病理検査の結果、hepatocellular carcinoma, well differentiatedであることがわかりました。
左の画像は左葉外側区、右の画像は右葉を描出しています。
背景肝は硬変肝です。
左葉外側区には高エコー均一な腫瘤が、右葉には内部不均一な粗大な腫瘍が存在しています。
粗大な腫瘍は門脈を圧排しており、細い門脈枝や静脈に浸潤している可能性が高そうです。
病理検査の結果、hepatocellular carcinoma, well differentiatedであることがわかりました。

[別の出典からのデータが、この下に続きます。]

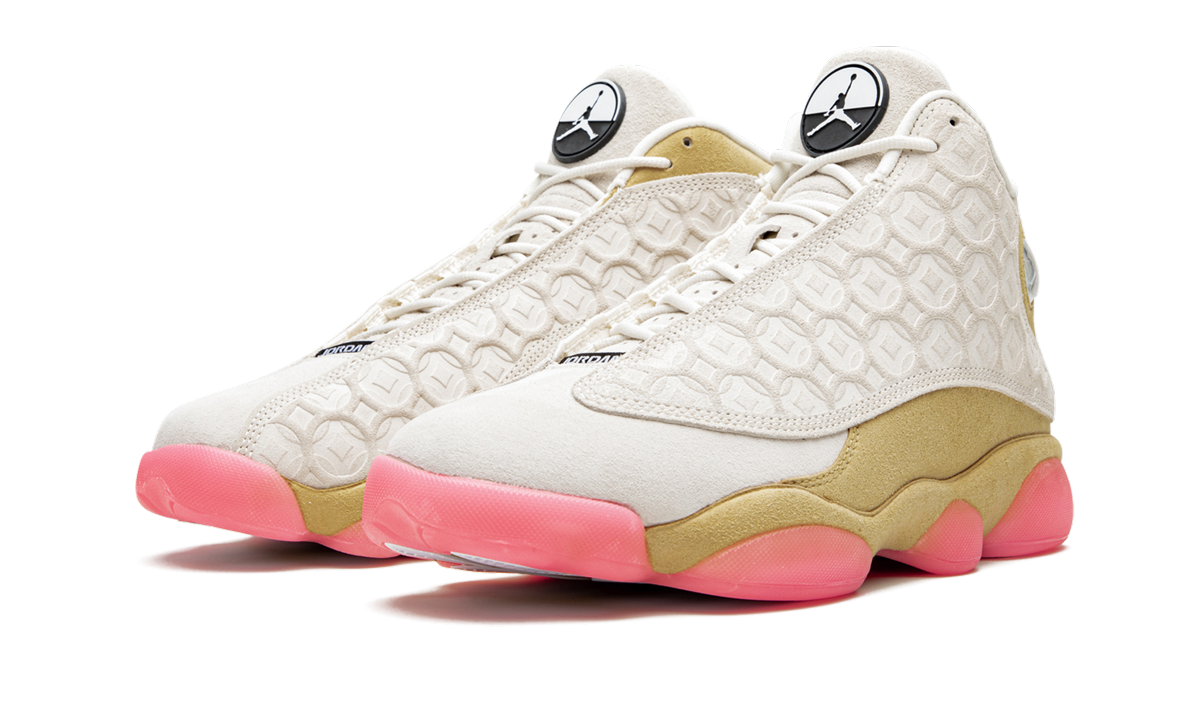 13 Retro "Chinese New Year" CW4409 100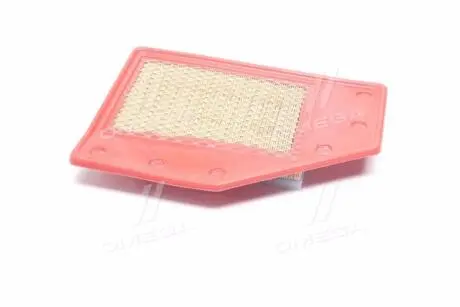 Воздушный фильтр MANN-FILTER C 35 014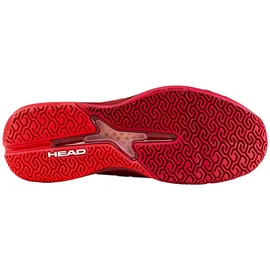 Head Revolt Pro 5.0 Men RDDR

左の画像は低周波プローブを、右の画像は高周波プローブを用いて描出しています。
体表から腫瘤までの距離がある程度存在する場合においても、皮下脂肪層が薄い症例の場合は積極的に高周波プローブを用いたほうがより良い画像が得られます。
背景肝の内部エコーはほぼ正常像であるように見えます。
腫瘤の大きさ1-2cm、境界明瞭、輪郭整、内部高エコー均一な腫瘤が描出されます。肝血管腫との鑑別が難しい腫瘤像になるので、質的評価には造影検査が必要となります。
経過をみることで増大していく可能性があるため、正確な大きさを測定するように心掛けたほうがよいでしょう。出来得る限り腫瘤を拡大した画像を大きさの測定に使用します。

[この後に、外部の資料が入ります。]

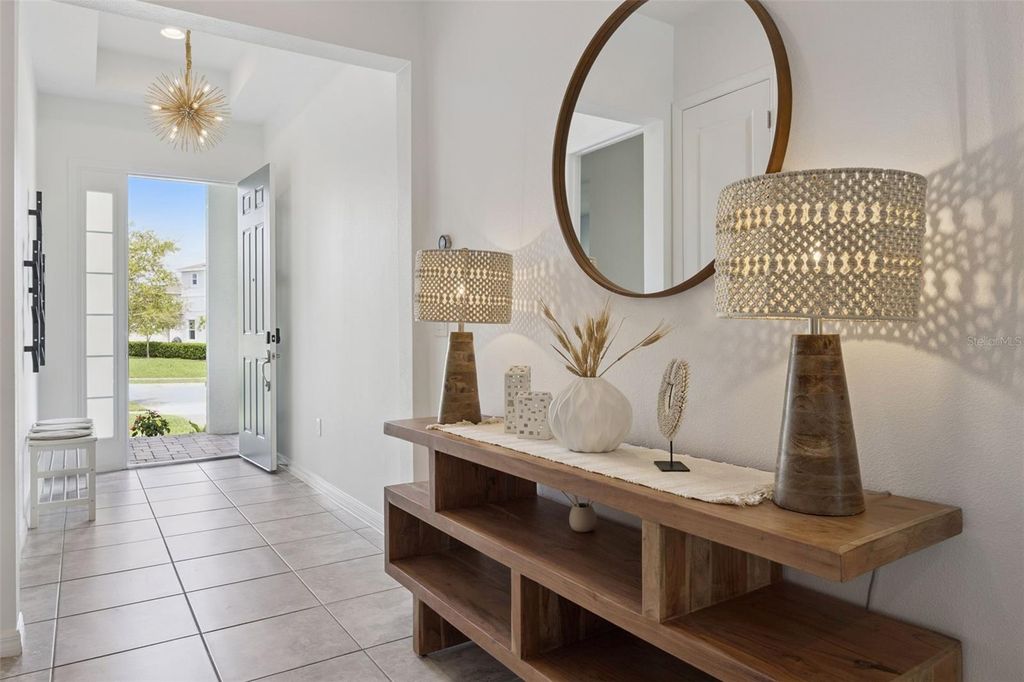 Image 4 of property listing at 15432 GILLIGAN COURT, Winter Garden, FL 34787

病理検査の結果、hepatocellular carcinoma, well differentiatedであることがわかりました。
右葉の腎臓近くに存在する腫瘤です。
背景肝は硬変肝です。
腫瘤の大きさ2cm、境界明瞭、輪郭不整、内部高エコー均一な乏血性腫瘤が描出されています。
存在する腫瘍を見落とすことがないように、肝臓の隅から隅まで描出する癖を常日頃からつけておくべきでしょう。
病理検査の結果、hepatocellular carcinoma, well differentiatedであることがわかりました。
参考資料
肝癌診療ガイドライン 診断およびサーベイランス
まとめ
ここでは肝細胞癌の背景、原因、特徴、検査法、病理像、エコー像についてまとめました。
特にエコー像に関しては肝腫瘤の画像とともに観察するときの注意点なども記載しておりますので、参考にしていただきたいと思います。
見逃しのない検査を施行したいですね。
閲覧いただきありがとうございました。